The Repeal of the Common Construction Wage Statute and the Enactment of New Public Works Requirement The Repeal of the Common Construction Wage Statute and the Enactment of New Public Works Requirement

The Repeal of the Common Construction Wage Statute and the Enactment of New Public Works Requirements

As first seen in Building Excellence July 2015.

House Bill (HB) 1019, signed by Gov. Pence on May 6, 2015, repealed Indiana’s common construction wage statute and made numerous modifications and additions to the various public works statutory requirements.
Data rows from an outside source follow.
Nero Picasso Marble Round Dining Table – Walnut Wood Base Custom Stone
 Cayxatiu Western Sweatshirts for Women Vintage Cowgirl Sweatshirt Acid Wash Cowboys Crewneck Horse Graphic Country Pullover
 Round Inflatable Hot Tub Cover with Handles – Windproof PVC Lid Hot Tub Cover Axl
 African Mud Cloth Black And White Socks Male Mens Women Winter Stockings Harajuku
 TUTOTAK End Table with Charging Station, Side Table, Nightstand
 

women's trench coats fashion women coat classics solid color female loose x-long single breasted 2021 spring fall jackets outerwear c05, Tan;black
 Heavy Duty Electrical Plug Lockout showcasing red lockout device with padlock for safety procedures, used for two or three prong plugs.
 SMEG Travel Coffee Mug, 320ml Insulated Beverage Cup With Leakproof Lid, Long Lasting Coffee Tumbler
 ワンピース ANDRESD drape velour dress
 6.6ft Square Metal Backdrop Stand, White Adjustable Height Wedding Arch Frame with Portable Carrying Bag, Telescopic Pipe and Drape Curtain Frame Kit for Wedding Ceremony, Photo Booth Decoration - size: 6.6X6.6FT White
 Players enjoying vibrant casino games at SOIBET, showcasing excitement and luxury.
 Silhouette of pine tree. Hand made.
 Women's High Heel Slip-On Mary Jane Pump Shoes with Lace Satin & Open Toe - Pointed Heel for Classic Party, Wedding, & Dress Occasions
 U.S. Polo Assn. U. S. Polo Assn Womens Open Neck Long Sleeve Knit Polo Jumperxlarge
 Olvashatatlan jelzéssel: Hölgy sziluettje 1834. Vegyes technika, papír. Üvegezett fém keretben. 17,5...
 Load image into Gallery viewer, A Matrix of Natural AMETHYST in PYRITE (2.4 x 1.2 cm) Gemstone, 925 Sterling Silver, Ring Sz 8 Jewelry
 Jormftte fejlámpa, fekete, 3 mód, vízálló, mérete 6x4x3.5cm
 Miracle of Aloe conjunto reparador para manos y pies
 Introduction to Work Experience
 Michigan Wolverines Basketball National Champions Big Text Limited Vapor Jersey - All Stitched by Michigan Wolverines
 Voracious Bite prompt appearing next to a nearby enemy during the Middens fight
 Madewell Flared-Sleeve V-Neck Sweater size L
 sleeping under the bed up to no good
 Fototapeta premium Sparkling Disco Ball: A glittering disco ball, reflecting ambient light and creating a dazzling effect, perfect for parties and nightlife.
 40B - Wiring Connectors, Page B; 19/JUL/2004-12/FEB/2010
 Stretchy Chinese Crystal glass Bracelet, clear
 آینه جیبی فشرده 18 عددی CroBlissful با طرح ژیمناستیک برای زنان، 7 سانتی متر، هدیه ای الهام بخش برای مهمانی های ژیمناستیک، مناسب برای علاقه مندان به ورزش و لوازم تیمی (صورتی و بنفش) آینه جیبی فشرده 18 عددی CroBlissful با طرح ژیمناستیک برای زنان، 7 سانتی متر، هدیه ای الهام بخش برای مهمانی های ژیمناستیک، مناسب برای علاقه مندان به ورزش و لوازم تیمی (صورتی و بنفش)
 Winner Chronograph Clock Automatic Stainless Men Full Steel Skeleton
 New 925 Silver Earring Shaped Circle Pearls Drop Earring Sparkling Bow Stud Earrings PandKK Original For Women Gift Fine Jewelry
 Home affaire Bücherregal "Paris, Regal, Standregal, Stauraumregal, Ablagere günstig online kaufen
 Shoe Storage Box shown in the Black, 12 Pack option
In addition, the approved state budget bill (House Bill 1001) subsequently modified portions of HB 1019 and its new public works requirements.  To further complicate matters, some of these public works changes go into effect on July 1, 2015 while others don’t become effective until July 1, 2016. The purpose of this article is to attempt to briefly summarize some of the more significant changes and the additional requirements that were made to the public works requirements by HB 1019 and HB 1001. 

 
Repeal of the Indiana Common Construction Wage Statute
 
Initially, the repeal of Indiana’s common construction wage statute is effective for all public works contracts that are awarded after June 30, 2015. Accordingly, any public works contracts that were awarded on or before June 30, 2015 will still need to comply with the common construction wage statute.  In addition, public agencies (except INDOT when Ind. Code 8-23-9 applies) are precluded from establishing or mandating compliance with a wage scale for a public works contract unless federal or state law provides otherwise.
 
Impact of the New Public Works Requirements on Public Owners
 
The new public bidding requirements apply to all “public agencies” constructing public works projects. The term “public agency” is broadly defined under HB 1019 to include a state agency, state educational institution, county, municipality, township, school corporation, body corporate and politic created by statute, as well as certain established conservancy districts, fire protection districts, departments of aviation and local airport authorities. However, the term public agency doesn’t include the Indiana Department of Transportation (INDOT). In addition, it should be noted that these new public works requirements for public agencies do not apply to public works projects that are to be constructed under Indiana’s design-build statute (Ind. Code 5-30), the construction manager as constructor statute (Ind. Code 5-32) and the operating agreements statute (Ind. Code 5-23-4)—though the repeal of the common construction wage and the preclusion against establishing a wage scale (unless federal or state law provides otherwise) applies to all.
 
Notable requirements for public works contracts awarded after June 30, 2015 include:

  1. Public agencies must state within or incorporate by reference the substance of the various new public works requirements set forth in Ind. Code 5-16-13 into its public works construction contracts. 
  2. Public agencies may not enter into a public works contract with a contractor unless the contract contains: (i) a provision requiring the contractor to enroll in and verify the work eligibility status of newly hired employees through E-verify; and (ii) a provision that a contractor is not required to verify the work eligibility status of all newly hired employees of the contractor through E-verify program if E-verify no longer exists. 
  3. Public agencies may not enter into a contract with a prime contractor unless the prime contractor signs an affidavit that it doesn’t knowingly employ an unauthorized alien. 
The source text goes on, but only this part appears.